INSTRUCTIONS FOR THE TASK: Take the line with "The courtyard garden" as the first and the last line of the data as the end. Write out both and every line between exactly, except pictures.

DATA PROVIDED:
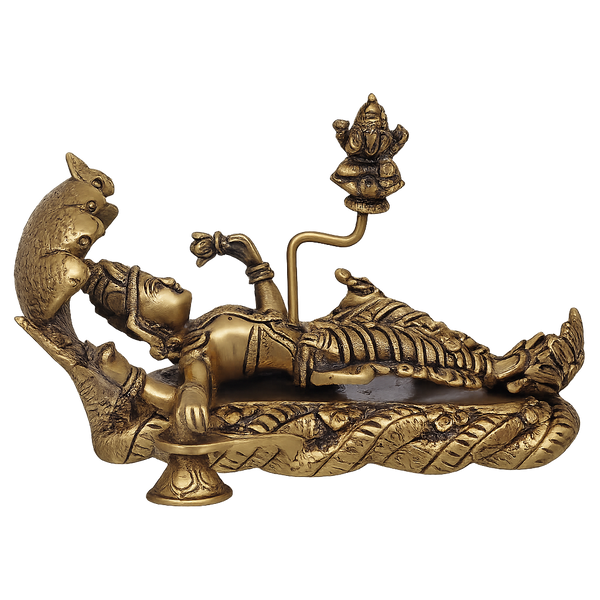 Brass Lord Vishnu Sheshshayi Murti – Vishnu Bhagwan Resting on Sheshnag with Lakshmi for Mandir, Home & Office Decor (Height:5 Inches) Entryway Setting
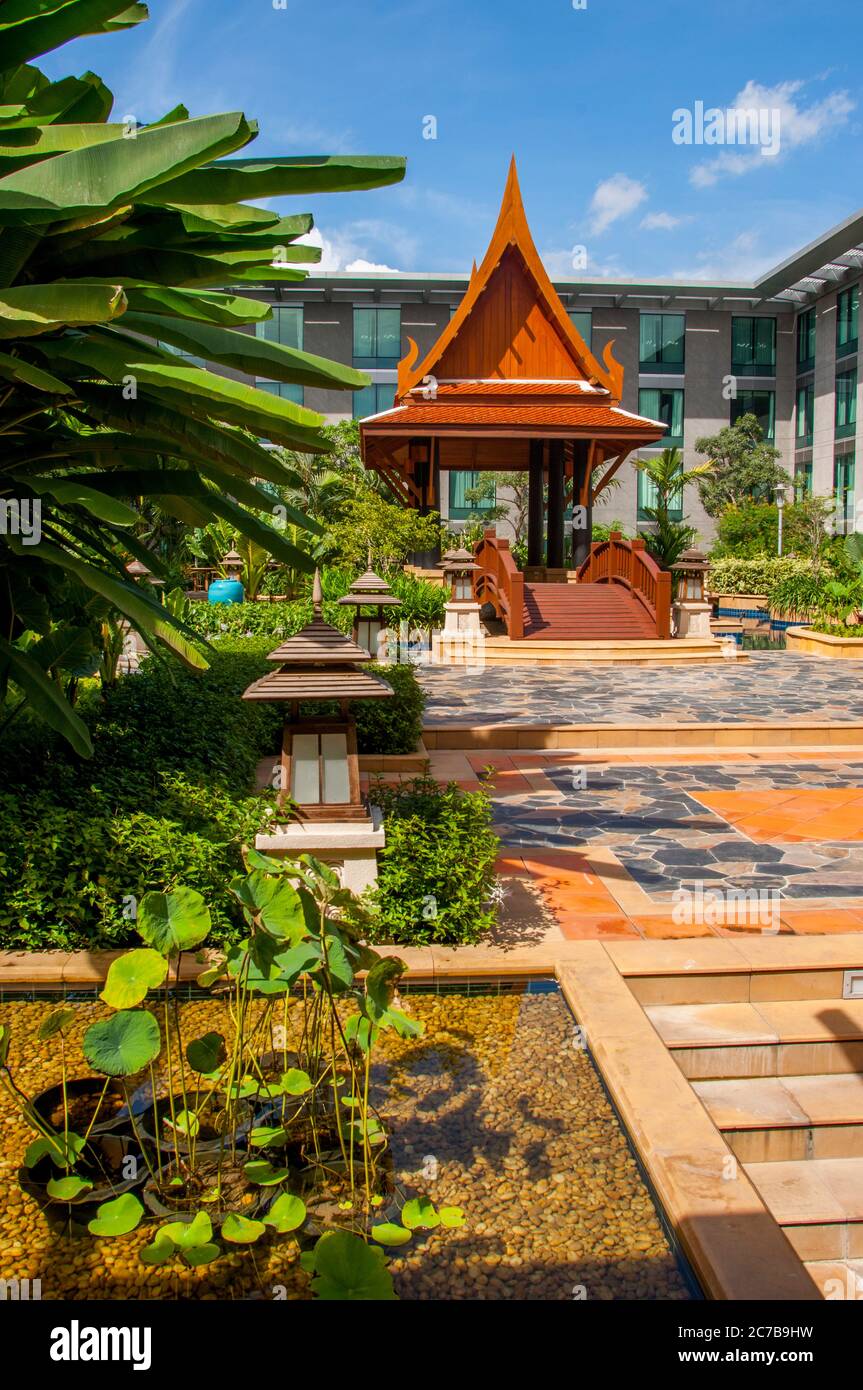 The courtyard garden of the Novotel Bangkok Suvarnabhumi Airport hotel in Bangkok, Thailand. Stock Photo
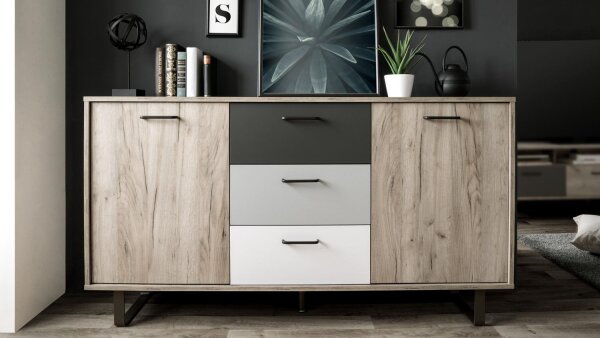 Sideboard ORLANDO Grey Craft Oak Farbmix Metall schwarz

WRITTEN ANSWER:
 The courtyard garden of the Novotel Bangkok Suvarnabhumi Airport hotel in Bangkok, Thailand. Stock Photo
 Sideboard ORLANDO Grey Craft Oak Farbmix Metall schwarz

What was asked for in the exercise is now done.